Cobalah berperan sebagai konseling, karena konseling cenderung memberi masukan masukan positif saja, bukan memberi solusi langsung pada pihak yang berkonsultasi. Mengarahkan atau memberi clue semisal kata kunci saja atau apalah yang bisa dijadikan petunjuk bagi murid untuk bisa mengembangakan pola pikir hingga akhirnya dapat menemukan solusi yang pas dan terbaik bagi murid. Tentunya disini bukan bermaksud seperti teka teki ya….

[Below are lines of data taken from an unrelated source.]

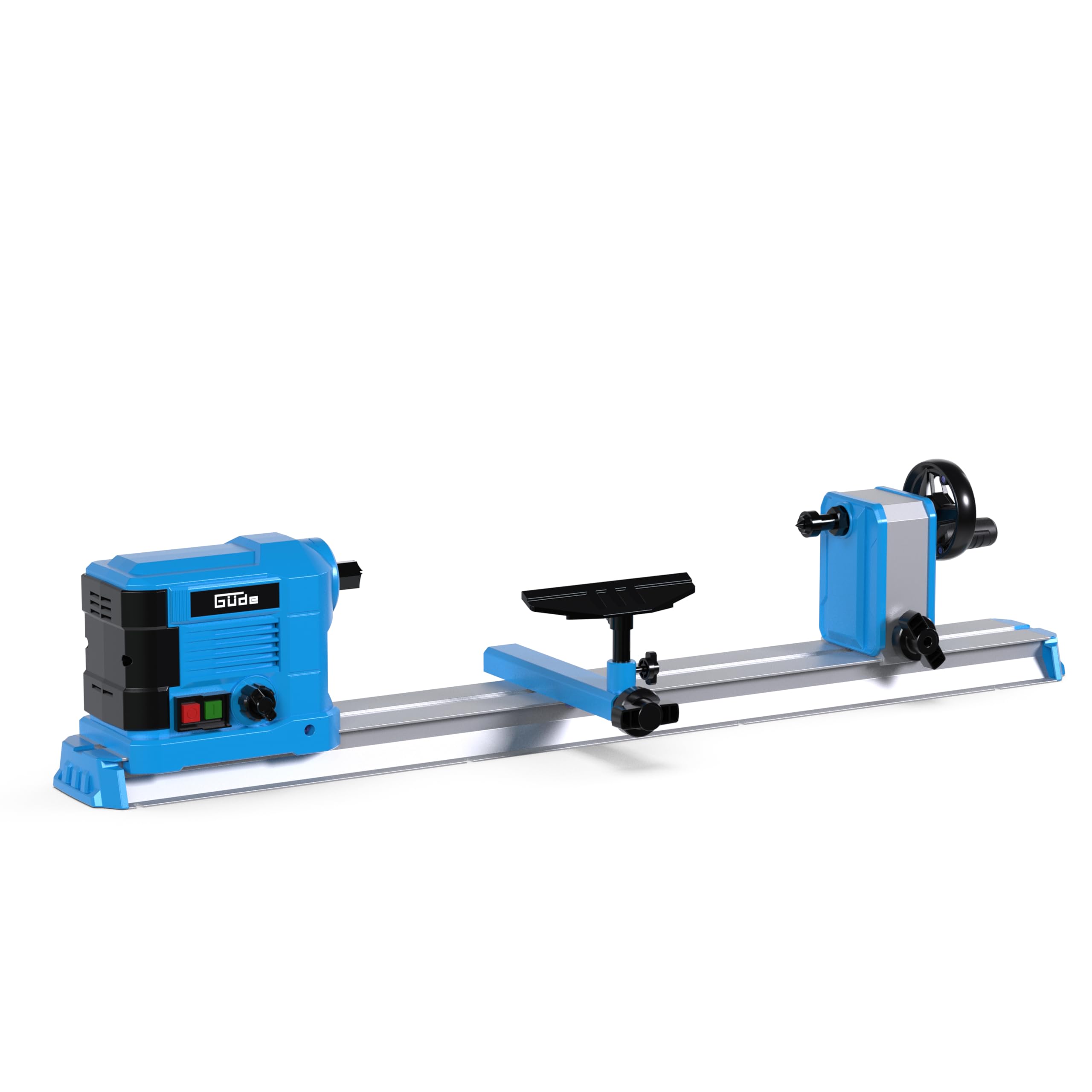 Güde Drechselmaschine GDM 600 (Getriebemotor 550 W, 800-3000 1/min, Softstarter, variable Geschwindigkeit, M18-Gewinde, Körnerspitze, Reitstock, Werkzeugauflage, für Werkstücke bis 600 mm/ø 250 mm)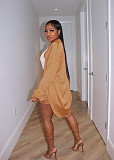 Satin Loose Long Sleeve Shirt and Shorts Two Piece Set YB-60181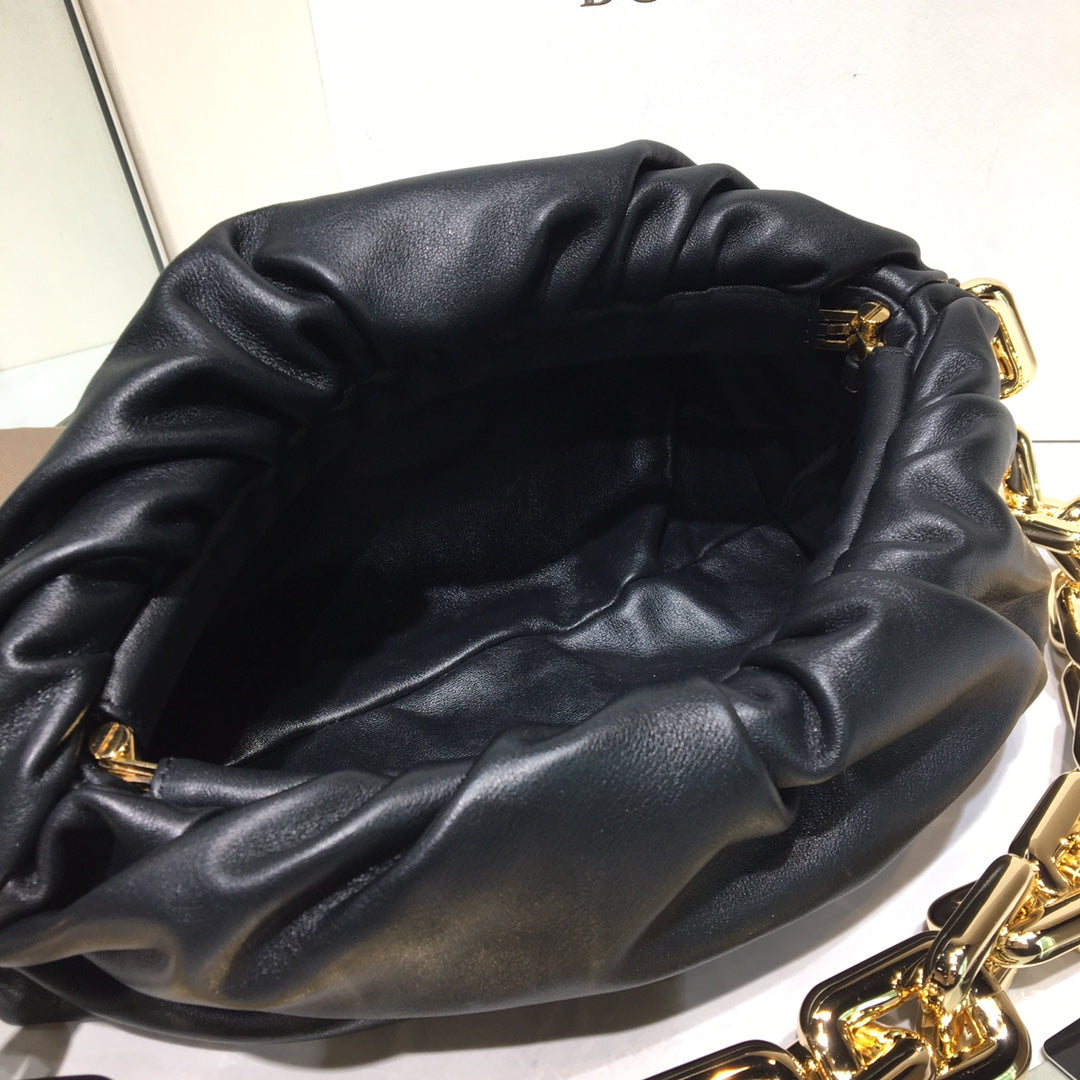 Bottega Veneta Chain Pouch - Black Leather with Gold Hardware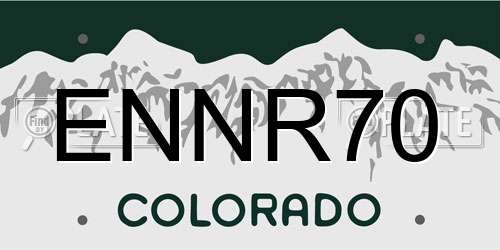 ENNR70 Colorado License Plate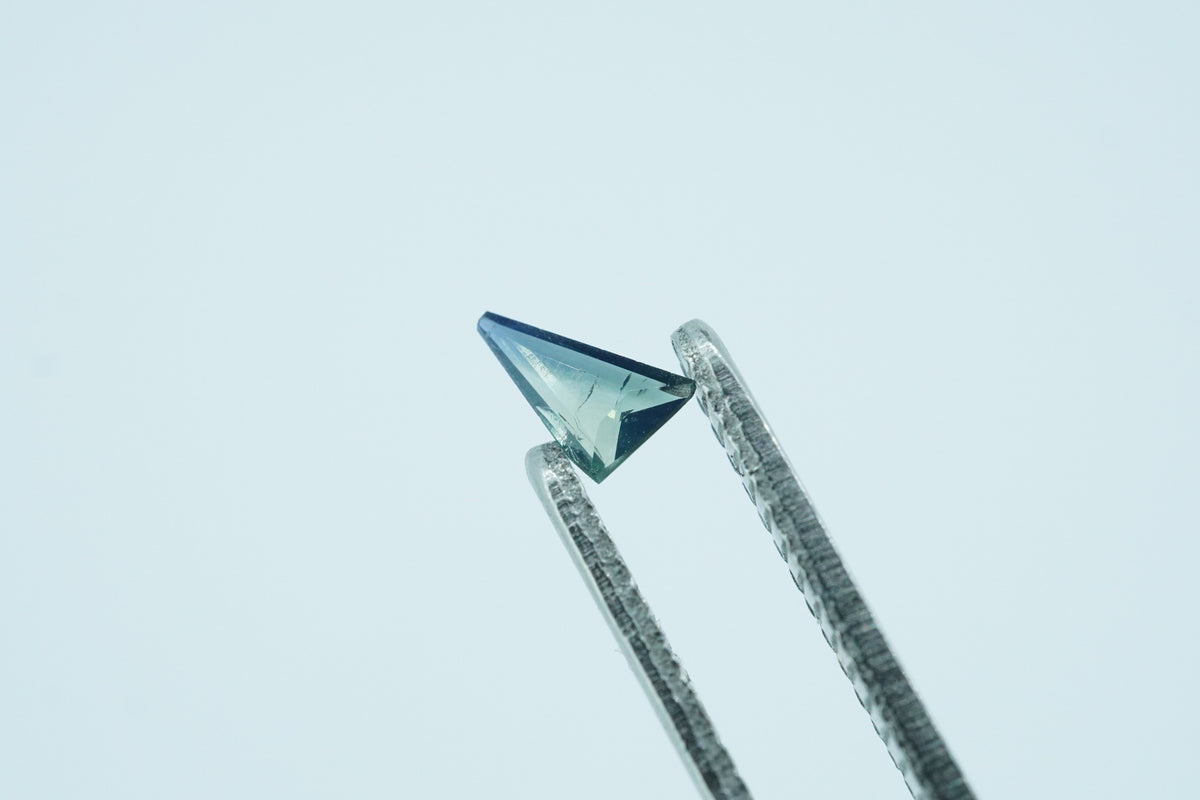 Elongated Trillion Light Blue Rare Scottish Sapphire Gemstone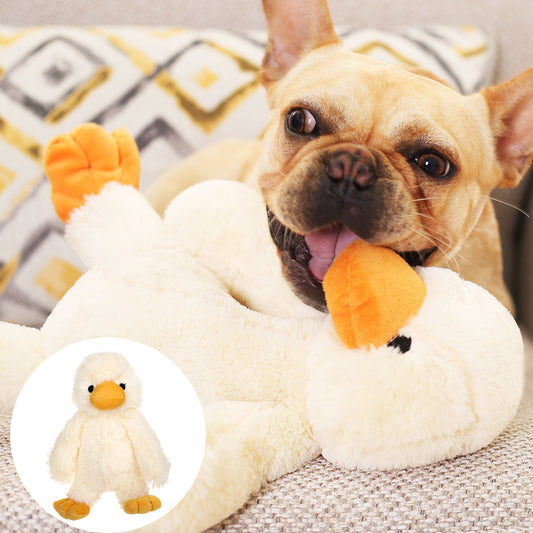 Cuddly Plush Ducky Squeaky Dog Toy in (S) 9.5 Inch and (L) 14 inch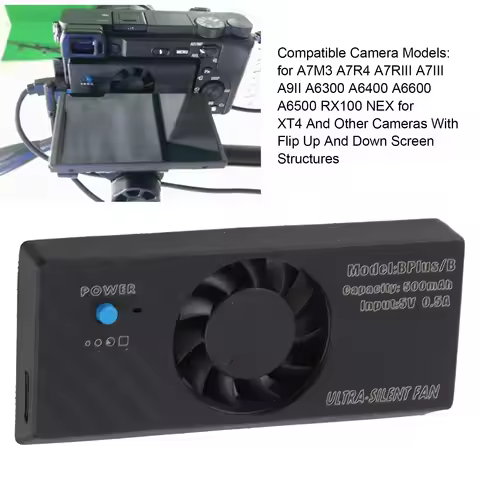 Camera Fan 500mah Battery Low Noise 3 Modes Type C Interface Efficient Camera Radiator Fan ABS for A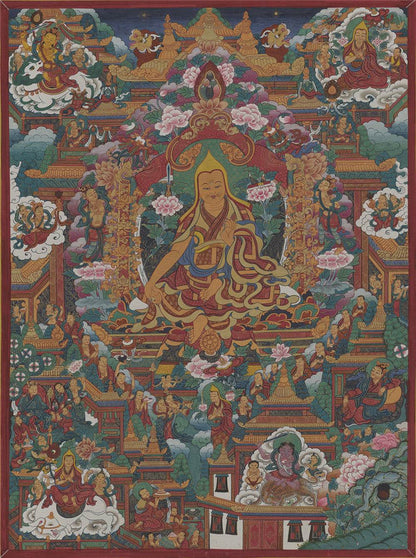 Tsongkhapa - 18th Century - Tibetan thangka painting, front view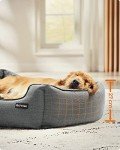 Large Linen-Look Dog Sofa Bed with Removable Cover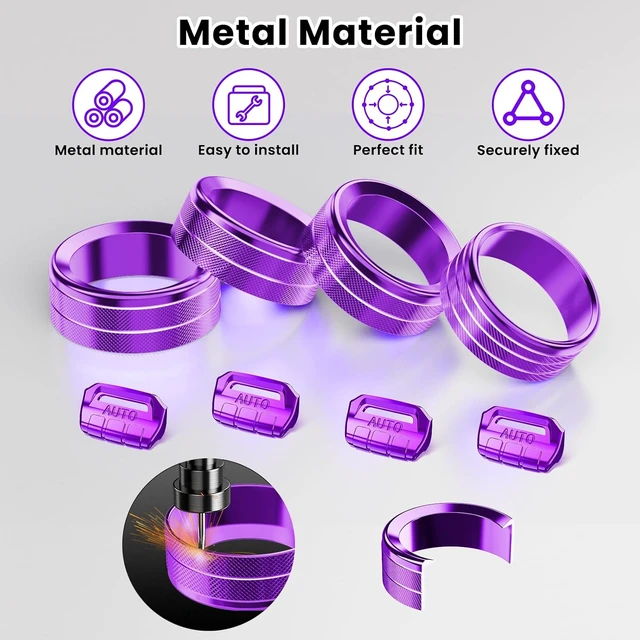 Alt view image 6 of 7 - Metal Knob Cover for Jeep Wrangler JL JLU & Gladiator JT 2018-2026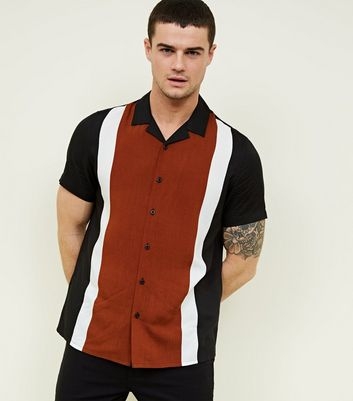 Black Stripe Front Short Sleeve Shirt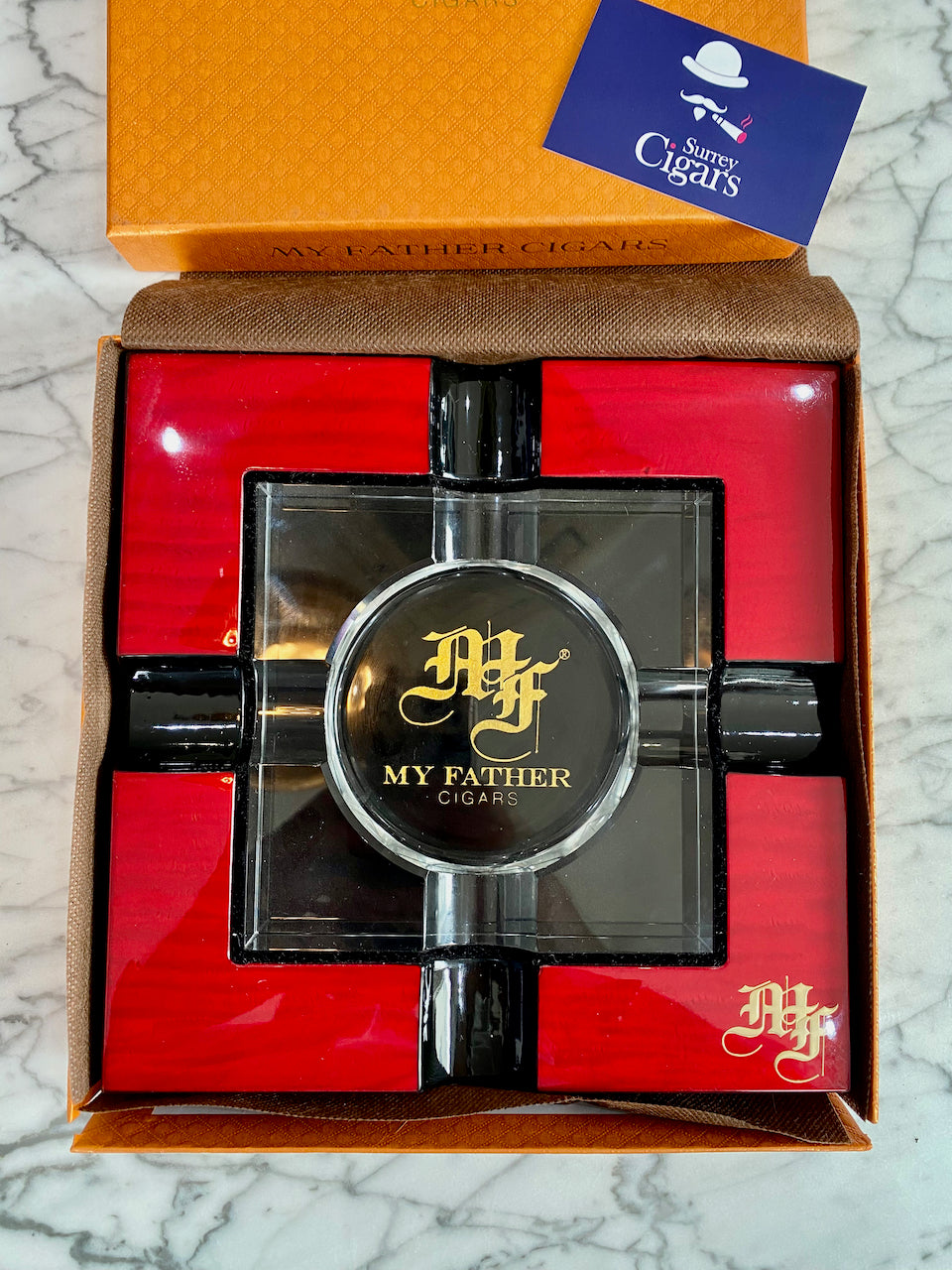 My Father Red Wood lacquer and Glass 4-Cigar Ashtray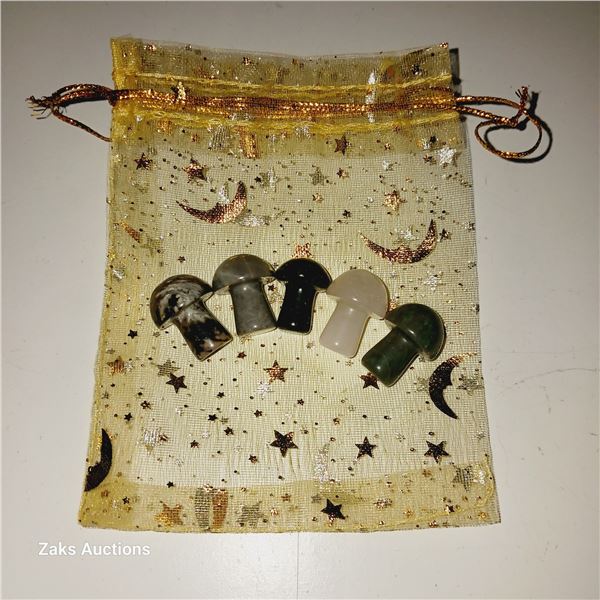 Lot of 5 Mushroom Gemstones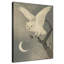 «Snowy White Owl and Crescent Moon Night», reproduction d'art sur toile encadrée - Très grand art mural encadré (assemblage requis)-721499625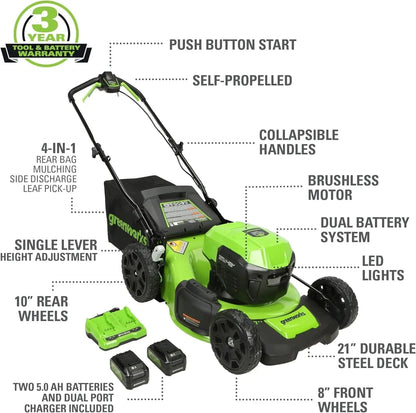 48V (2x24V) 21" Cordless Battery Self-Propelled Mower 10" String Trimmer 320 CFM Blower Combo Kit w/ (2) 5.0Ah Batteries - ALL TRENDY STUFF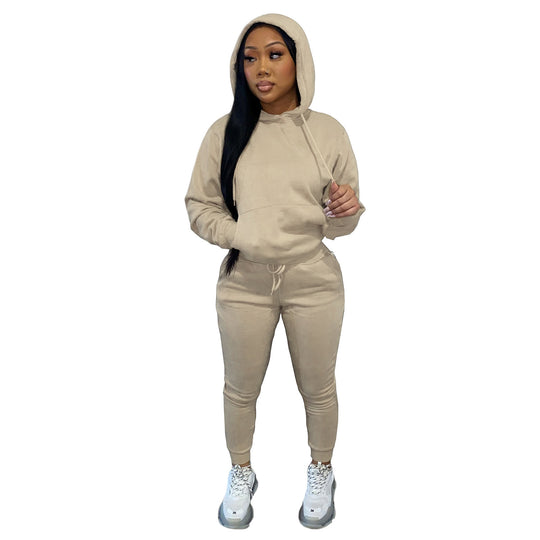 Damen nan Kapuzen-Lounge-Set mit Kängurutasche taillierter Jogginghose und Bündchen EB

Anda sebagai guru hendaknya lebih bijaksana dengan meberi ruang bagi murid untuk kreatif dalam berpikir menyelesaikan masalah yang ada baik di kelas atau mungkin masalah pribadi. Dengan anda memberi ruang bagi murid ikut berpikir bagaimana atau jalan mana yang terbaik atas masalah tersebut, maka kita telah mengajak murid untuk belajar juga secara mental dan psikologis. Berilah kesempatan pada murid untuk sejenak “pusing” dengan masalah yang ada.
Anda mungkin bisa memulai terlebih dahulu dengan bersikap lebih bijaksana terhadap pertanyaan mana yang terlebih dahulu antara ayam atau telur ayam tanpa perlu menjadi ayamnya.